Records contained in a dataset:
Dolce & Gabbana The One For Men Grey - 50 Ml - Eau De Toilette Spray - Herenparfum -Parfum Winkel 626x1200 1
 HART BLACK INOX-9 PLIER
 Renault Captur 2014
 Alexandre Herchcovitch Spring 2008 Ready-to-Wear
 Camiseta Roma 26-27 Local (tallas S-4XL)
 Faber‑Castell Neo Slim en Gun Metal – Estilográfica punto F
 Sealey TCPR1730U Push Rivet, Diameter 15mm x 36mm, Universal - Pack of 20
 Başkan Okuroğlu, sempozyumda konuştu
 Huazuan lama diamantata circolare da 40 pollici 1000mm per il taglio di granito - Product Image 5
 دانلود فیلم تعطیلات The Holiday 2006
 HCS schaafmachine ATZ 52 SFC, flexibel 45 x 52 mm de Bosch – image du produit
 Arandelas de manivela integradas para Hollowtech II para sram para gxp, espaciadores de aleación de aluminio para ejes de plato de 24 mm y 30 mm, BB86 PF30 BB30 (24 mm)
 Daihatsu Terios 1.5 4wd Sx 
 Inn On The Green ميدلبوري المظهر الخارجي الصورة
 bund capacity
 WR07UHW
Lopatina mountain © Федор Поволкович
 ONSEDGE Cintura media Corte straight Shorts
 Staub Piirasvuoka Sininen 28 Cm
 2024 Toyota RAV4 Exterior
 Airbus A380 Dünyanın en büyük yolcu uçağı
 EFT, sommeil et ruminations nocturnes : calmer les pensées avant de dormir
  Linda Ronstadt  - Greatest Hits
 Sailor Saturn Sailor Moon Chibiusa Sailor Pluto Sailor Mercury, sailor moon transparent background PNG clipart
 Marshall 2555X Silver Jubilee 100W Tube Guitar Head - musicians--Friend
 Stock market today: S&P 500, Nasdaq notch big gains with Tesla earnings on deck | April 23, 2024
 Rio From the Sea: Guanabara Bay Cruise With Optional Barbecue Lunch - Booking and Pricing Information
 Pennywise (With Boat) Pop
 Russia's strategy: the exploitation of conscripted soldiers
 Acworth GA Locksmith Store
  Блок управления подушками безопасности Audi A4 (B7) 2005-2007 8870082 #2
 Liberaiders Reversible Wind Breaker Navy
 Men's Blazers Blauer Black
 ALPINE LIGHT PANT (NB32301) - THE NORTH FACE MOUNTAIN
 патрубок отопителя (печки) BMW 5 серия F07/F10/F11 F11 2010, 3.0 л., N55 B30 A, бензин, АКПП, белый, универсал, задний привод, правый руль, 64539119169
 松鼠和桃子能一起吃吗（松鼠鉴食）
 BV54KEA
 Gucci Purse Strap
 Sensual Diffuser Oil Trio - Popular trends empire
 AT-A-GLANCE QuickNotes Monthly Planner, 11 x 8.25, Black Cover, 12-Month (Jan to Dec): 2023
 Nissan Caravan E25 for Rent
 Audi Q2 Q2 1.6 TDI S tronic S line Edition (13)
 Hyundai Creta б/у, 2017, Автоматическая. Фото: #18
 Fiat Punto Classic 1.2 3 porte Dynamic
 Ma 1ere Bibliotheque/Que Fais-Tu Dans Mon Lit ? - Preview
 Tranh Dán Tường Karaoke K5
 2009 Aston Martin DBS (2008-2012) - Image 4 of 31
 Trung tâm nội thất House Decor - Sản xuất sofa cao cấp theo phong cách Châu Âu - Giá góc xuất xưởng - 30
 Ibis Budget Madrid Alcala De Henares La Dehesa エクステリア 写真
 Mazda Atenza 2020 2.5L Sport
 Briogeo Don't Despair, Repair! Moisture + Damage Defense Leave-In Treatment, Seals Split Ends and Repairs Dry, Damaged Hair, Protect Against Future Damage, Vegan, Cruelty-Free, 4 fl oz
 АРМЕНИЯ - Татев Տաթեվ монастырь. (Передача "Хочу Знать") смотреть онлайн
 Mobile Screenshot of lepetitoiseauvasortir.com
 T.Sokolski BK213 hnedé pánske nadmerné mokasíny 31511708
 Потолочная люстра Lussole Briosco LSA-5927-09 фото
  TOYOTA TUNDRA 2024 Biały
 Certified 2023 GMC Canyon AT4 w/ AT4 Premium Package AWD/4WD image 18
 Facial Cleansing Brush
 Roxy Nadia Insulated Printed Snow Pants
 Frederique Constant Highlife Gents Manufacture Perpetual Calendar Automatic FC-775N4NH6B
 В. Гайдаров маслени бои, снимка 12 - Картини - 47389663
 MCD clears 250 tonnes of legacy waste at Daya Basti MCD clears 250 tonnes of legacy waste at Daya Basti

• Your objective: List every line above that holds the word "Audi".

• Answer below:
  Блок управления подушками безопасности Audi A4 (B7) 2005-2007 8870082 #2
 Audi Q2 Q2 1.6 TDI S tronic S line Edition (13)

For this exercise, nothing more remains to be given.